Umbilical Hernia

What is an umbilical hernia?

  • An umbilical hernia is a protrusion of the belly button (umbilicus) due to lack of closure of the abdominal wall during embryologic development. The opening in the abdominal wall allows the intestine to enter causing a visible “bulge” in the abdomen. Umbilical hernias, in children, are often present at birth and can either be large or unnoticeable until later in life. Umbilical hernias can close on their own over the first 4-5 years of life and this is more likely for smaller hernias than for larger ones. Surgery is often delayed until age 4 or later because there is a chance the hernia can close on it’s own, the child’s tissue gain more strength by age 4, and serious complications are unusual with these types of hernias. The size of the hernia will determine the likelihood of spontaneous closure. Hernias that have a defect in the muscle one inch or larger are unlikely to heal on their own. Hernia defects less than ½ inch have a 90% or greater chance of healing on their own. The other umbilical hernias that are unlikely to heal are the ones with large protuberant skin. Umbilical hernias may become more prominent when the child is laughing, crying, straining, lifting or having a bowel movement. 
  • Umbilical hernias are usually painless and are diagnosed based upon history and physical examination by a physician. 
  • Premature infants and African Americans have an increased risk of developing an umbilical hernia.
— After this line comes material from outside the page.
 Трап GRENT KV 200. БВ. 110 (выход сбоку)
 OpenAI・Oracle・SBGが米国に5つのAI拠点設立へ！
What will happen in the hospital?

  • Your child will come to the hospital for surgical repair of the umbilical hernia. This is outpatient surgery, meaning your child will be discharged the same day. 
  • This surgery is with the child completely asleep under general anesthesia. A small incision is made at the base of the belly button and the defect, or opening, is repaired with sutures. The skin is closed using absorbable sutures so he/she will not have to have any sutures removed. The sutures will dissolve on their own over several weeks. Either a small, white, steri strips is placed over the incisions or the repair site is covered with gauze and tegaderm. Occasionally umbilical hernias with very protuberant skin may need removal of the redundant skin to improve the postoperative appearance. The dressing remains in place as directed by your surgeon.

When will my child be discharged?

  • Your child will remain in recovery for a few hours.  He/she can be discharged once he/she can drink fluids and the pain is under control.

What will be my child's recovery?

  • Recovery usually lasts a day or two, depending on the age of the child. Younger children are able to resume normal activities very quickly, while older children take a few days before feeling back to themselves. 
  • Your child may take a shower, but cannot swim or bathe for 7-10 days after surgery. 
  • We also advise against heavy lifting, sports, or exercise for 2 weeks 
  • Your child may resume school two days postoperatively 
  • There are no dietary restrictions

What should I be looking out for after the operation?

  • Monitor for fevers 
  • Monitor for signs of infection such as redness, swelling, drainage or foul smell from wound 
  • Monitor for pain 
  • There is a small chance of recurrence (<1 percent) 
  • Occasionally some children develop a stitch abscess. This is observed by seeing one of the sutures sticking out of the belly button. In this case the suture will continue to fall off on its own in a few days to weeks later or it can be removed in clinic using a tweezer.